E dissero: Sono sporchi, portano malattie, non possiamo farli entrare nelle scuole. Sono stranieri. Ti piacerebbe veder uscire tua sorella con uno di quelli?…..Formarono drappelli, squadre, e li armarono di manici di piccone…Il paese è nostro: Non possiamo lasciare che questi Okie facciano i loro comodi. E gli uomini che venivano armati non possedevano la terra ma pensavano di possederla. E i garzoni che di notte facevano la ronda non possedevano nulla e i piccoli bottegai possedevano solo debiti. Ma anche un debito è qualcosa e anche un salario è qualcosa….
E gli emigranti sciamavano per le contrade, e nei loro occhi c’era la fame, e nei loro occhi c’era il desiderio. Non avevano discorsi, non avevano criteri, non avevano altro che la loro quantità e il loro bisogno. Quando c’era lavoro per un uomo, dieci uomini lottavano per averlo e la loro unica arma era il ribasso di paga. Se quello lavora per trenta centesimi, io ci sto per venticinque…”
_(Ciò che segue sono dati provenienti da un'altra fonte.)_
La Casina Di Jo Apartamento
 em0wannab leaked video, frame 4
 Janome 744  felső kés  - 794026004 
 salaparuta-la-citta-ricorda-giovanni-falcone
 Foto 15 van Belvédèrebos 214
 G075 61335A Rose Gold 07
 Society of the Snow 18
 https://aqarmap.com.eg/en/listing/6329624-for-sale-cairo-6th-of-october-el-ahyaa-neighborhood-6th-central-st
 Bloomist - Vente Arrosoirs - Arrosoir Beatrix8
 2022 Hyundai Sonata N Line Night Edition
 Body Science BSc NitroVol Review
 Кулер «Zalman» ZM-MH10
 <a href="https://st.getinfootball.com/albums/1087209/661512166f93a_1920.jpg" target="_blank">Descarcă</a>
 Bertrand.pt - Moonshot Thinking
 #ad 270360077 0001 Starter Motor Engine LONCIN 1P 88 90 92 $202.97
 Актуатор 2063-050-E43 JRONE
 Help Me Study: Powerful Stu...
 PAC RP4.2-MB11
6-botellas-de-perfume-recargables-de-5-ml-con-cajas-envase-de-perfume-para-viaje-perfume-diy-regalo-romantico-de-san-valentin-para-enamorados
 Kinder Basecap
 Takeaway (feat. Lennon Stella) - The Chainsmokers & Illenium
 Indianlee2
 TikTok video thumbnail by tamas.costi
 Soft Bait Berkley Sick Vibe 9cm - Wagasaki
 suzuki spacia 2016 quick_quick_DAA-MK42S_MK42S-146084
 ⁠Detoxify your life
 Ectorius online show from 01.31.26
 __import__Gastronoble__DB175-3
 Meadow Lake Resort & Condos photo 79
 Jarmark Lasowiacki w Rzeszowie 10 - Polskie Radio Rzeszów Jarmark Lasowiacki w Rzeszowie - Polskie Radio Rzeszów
“Furore” ebbe vita travagliata, fu accusato di comunismo da destra, fu accusato di populismo dai democratici americani. Tuttavia la potenza del racconto è tale che il romanzo rapidamente si diffuse nel mondo. Ha venduto, fino ad oggi, oltre quindici milioni di copie. L’epopea dei contadini migranti non è più attuale, sono invece attualissimi i meccanismi che produssero la loro miseria e che Steinbeck raccontò lucidamente in questo “classico” della letteratura americana.